Exercise material section start

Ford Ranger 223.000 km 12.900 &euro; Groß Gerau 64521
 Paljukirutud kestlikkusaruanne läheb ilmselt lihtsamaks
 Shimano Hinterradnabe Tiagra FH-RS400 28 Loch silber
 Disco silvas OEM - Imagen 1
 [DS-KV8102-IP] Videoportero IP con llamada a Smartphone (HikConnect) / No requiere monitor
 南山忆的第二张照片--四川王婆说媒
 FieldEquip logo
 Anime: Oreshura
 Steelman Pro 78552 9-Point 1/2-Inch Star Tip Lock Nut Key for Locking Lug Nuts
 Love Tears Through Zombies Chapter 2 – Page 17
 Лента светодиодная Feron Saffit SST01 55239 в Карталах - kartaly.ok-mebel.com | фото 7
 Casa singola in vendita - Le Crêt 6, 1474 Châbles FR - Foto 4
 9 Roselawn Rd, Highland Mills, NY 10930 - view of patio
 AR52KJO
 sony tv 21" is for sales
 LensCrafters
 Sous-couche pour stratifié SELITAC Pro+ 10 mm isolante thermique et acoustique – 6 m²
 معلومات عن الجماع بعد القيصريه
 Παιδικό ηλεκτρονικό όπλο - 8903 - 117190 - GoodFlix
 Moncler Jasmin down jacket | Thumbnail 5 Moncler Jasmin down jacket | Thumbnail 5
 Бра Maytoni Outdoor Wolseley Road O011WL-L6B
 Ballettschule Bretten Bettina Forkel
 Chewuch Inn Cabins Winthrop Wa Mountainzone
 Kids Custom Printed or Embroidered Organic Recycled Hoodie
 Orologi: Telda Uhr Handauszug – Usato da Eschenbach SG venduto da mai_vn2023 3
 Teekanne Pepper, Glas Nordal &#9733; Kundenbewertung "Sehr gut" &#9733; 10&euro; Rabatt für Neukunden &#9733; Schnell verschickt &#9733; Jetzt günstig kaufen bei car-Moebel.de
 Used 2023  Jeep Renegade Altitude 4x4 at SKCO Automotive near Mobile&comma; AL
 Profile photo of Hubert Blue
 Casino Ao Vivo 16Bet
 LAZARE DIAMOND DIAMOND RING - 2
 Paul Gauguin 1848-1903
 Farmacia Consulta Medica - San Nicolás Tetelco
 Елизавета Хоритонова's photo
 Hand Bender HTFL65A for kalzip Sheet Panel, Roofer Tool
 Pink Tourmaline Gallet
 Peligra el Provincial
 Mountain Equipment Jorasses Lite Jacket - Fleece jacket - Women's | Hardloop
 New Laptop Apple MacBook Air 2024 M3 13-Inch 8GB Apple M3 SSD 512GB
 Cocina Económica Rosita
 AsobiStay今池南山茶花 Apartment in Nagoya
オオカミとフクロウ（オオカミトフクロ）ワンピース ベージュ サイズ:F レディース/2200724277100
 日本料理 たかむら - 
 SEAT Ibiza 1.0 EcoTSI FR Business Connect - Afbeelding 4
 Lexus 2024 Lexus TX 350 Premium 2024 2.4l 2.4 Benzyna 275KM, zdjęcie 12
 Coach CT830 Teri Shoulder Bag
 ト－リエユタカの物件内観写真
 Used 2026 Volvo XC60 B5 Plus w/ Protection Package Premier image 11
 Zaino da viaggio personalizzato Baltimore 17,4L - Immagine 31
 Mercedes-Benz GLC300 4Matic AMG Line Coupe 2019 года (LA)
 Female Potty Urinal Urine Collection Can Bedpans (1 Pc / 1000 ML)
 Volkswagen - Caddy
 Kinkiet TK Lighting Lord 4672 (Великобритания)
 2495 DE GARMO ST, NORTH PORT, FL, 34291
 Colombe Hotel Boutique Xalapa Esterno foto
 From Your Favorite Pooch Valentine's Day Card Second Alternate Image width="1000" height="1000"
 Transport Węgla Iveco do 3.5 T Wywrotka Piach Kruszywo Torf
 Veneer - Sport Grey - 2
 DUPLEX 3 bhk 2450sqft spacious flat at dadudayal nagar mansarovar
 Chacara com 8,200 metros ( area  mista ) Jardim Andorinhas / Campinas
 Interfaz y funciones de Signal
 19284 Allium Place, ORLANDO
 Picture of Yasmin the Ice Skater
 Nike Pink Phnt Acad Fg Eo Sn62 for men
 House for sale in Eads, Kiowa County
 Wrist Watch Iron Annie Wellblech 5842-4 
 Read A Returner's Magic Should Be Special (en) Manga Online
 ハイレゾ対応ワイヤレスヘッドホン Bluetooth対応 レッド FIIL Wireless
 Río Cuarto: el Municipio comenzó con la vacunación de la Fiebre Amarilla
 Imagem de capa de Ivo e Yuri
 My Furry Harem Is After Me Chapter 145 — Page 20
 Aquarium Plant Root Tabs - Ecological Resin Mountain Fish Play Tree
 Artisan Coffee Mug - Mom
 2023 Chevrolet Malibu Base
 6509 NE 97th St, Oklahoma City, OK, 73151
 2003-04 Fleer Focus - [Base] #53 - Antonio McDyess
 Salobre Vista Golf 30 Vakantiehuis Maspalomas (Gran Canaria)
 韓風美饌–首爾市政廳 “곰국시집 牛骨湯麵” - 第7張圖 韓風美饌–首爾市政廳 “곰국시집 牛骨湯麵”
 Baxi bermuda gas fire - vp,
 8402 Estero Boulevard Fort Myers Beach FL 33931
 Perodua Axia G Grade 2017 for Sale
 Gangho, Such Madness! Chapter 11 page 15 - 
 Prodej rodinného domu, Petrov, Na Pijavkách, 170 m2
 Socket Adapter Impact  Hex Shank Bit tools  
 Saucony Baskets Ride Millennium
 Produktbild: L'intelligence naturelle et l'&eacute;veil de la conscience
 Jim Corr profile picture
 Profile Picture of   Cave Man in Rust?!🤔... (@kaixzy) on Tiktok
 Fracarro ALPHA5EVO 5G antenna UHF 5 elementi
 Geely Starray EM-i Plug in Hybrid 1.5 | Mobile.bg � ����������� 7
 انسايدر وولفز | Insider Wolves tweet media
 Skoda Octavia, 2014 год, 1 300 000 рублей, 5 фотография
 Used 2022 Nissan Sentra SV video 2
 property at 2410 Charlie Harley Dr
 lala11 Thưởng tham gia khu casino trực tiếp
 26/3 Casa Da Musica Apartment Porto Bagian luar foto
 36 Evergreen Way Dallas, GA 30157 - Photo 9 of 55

Exercise material section end

How to complete this task. From the records given above, copy all lines containing "Inch".

Solution to this problem.
 Steelman Pro 78552 9-Point 1/2-Inch Star Tip Lock Nut Key for Locking Lug Nuts
 New Laptop Apple MacBook Air 2024 M3 13-Inch 8GB Apple M3 SSD 512GB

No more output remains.